**How to complete this task:**
Look at the entries below and restate word for word the lines from the first through the one that has "New 2027 Mercedes-Benz".

[Start of Attachment]

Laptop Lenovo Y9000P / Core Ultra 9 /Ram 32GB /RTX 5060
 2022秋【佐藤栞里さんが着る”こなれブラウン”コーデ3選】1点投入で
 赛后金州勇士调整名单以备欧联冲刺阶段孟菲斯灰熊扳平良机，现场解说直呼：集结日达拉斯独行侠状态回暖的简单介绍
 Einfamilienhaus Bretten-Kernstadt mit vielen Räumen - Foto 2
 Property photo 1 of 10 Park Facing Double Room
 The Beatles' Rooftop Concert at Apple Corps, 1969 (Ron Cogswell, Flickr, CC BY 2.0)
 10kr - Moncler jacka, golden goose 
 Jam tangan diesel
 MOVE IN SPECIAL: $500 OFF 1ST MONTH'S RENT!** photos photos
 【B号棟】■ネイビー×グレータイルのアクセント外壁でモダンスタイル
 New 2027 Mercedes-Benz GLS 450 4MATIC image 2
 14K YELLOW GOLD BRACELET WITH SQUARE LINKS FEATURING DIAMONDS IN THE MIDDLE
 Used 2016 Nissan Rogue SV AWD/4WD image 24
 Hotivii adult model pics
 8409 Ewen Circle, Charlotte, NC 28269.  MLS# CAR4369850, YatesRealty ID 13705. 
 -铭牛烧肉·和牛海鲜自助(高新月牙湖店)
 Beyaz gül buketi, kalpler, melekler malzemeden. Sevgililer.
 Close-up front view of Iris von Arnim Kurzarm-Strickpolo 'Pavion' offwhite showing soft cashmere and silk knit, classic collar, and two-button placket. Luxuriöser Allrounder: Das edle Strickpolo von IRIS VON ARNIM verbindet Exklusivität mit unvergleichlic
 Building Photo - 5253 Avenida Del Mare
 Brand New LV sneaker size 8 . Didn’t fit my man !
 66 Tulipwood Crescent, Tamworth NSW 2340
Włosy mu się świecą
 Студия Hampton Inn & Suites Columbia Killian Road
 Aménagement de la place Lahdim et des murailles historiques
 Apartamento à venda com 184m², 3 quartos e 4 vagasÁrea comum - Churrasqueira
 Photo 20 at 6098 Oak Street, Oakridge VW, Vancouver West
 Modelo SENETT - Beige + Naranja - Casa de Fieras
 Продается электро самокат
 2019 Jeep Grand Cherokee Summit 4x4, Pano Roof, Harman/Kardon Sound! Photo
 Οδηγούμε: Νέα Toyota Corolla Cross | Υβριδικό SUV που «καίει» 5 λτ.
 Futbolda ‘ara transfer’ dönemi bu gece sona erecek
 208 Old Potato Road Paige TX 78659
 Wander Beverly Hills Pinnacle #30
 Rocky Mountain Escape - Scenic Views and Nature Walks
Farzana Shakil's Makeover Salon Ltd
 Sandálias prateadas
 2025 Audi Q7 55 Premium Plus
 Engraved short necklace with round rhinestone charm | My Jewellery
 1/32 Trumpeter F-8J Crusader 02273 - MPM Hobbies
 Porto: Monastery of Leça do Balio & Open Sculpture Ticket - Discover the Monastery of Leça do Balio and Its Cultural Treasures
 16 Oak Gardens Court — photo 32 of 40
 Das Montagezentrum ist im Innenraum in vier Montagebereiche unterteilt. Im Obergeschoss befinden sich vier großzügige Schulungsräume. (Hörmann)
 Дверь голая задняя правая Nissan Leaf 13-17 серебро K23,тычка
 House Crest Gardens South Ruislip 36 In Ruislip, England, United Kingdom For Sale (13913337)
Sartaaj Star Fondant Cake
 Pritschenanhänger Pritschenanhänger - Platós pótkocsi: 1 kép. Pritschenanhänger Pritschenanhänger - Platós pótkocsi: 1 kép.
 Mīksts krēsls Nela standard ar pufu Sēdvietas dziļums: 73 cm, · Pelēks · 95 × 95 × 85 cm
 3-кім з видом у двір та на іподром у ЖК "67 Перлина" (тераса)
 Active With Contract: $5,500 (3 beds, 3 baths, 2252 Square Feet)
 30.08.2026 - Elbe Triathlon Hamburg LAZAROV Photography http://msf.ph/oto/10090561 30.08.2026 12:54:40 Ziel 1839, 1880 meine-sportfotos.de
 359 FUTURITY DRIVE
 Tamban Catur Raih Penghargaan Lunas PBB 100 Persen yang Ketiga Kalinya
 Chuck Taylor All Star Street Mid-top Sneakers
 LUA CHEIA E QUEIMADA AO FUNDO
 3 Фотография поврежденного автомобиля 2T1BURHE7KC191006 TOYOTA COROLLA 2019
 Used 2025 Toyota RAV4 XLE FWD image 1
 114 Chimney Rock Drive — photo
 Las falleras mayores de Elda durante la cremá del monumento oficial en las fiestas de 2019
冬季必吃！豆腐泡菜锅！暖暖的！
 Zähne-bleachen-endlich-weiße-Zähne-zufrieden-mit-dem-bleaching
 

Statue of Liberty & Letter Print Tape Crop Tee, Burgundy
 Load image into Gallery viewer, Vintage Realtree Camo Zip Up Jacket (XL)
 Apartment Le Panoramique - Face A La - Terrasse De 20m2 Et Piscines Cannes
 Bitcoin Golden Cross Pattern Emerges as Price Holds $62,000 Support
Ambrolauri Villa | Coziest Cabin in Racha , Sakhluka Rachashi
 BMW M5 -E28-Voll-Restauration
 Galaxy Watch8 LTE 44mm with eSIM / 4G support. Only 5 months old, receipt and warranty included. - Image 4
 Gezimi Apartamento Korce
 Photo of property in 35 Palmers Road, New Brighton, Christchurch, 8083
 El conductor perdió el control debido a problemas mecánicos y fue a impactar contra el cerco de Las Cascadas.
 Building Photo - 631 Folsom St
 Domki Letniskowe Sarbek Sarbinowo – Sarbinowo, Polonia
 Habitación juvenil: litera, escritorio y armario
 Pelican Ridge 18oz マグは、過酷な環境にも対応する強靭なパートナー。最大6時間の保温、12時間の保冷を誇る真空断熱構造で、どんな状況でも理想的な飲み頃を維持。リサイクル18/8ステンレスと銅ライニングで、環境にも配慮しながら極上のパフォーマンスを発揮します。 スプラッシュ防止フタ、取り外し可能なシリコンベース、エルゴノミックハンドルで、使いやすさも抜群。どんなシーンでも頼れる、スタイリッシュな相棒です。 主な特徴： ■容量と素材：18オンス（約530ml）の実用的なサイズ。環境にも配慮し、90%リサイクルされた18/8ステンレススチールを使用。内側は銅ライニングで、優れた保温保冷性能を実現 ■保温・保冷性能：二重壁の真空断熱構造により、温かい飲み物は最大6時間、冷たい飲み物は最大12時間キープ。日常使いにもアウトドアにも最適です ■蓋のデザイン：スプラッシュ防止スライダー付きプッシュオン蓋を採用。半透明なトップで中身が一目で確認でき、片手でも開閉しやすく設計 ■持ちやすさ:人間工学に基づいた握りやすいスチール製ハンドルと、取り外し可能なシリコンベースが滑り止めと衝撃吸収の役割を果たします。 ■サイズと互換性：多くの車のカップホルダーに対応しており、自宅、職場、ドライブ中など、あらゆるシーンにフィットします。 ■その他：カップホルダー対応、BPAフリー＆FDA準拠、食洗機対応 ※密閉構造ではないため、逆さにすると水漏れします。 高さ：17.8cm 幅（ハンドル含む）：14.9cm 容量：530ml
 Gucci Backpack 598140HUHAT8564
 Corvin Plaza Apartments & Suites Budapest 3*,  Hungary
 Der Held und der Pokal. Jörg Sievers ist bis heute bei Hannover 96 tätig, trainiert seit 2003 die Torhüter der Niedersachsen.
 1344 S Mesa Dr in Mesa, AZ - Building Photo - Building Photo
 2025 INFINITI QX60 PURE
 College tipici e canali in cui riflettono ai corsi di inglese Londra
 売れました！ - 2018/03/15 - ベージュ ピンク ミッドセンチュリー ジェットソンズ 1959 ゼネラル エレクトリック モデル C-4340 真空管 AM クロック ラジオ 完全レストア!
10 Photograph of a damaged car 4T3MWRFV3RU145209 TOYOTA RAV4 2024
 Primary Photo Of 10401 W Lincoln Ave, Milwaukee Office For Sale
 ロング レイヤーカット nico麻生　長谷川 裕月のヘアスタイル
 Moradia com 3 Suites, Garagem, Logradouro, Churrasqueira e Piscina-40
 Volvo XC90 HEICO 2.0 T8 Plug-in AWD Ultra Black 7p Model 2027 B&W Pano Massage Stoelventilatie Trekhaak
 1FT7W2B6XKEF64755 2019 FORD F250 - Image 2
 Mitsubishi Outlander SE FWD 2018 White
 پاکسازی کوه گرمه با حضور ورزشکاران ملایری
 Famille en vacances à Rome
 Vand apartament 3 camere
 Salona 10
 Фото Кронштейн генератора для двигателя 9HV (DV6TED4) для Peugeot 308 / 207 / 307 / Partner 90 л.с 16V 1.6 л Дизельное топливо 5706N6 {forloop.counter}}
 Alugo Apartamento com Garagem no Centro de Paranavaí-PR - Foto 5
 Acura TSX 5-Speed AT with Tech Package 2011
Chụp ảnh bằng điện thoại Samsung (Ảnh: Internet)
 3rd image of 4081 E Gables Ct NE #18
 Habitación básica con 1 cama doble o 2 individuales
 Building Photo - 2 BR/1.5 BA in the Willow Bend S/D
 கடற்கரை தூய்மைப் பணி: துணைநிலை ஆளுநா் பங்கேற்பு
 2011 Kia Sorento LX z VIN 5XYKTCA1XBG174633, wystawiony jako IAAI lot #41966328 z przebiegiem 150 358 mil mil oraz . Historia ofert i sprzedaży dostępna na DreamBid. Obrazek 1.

[End of Attachment]

**Result:**
Laptop Lenovo Y9000P / Core Ultra 9 /Ram 32GB /RTX 5060
 2022秋【佐藤栞里さんが着る”こなれブラウン”コーデ3選】1点投入で
 赛后金州勇士调整名单以备欧联冲刺阶段孟菲斯灰熊扳平良机，现场解说直呼：集结日达拉斯独行侠状态回暖的简单介绍
 Einfamilienhaus Bretten-Kernstadt mit vielen Räumen - Foto 2
 Property photo 1 of 10 Park Facing Double Room
 The Beatles' Rooftop Concert at Apple Corps, 1969 (Ron Cogswell, Flickr, CC BY 2.0)
 10kr - Moncler jacka, golden goose 
 Jam tangan diesel
 MOVE IN SPECIAL: $500 OFF 1ST MONTH'S RENT!** photos photos
 【B号棟】■ネイビー×グレータイルのアクセント外壁でモダンスタイル
 New 2027 Mercedes-Benz GLS 450 4MATIC image 2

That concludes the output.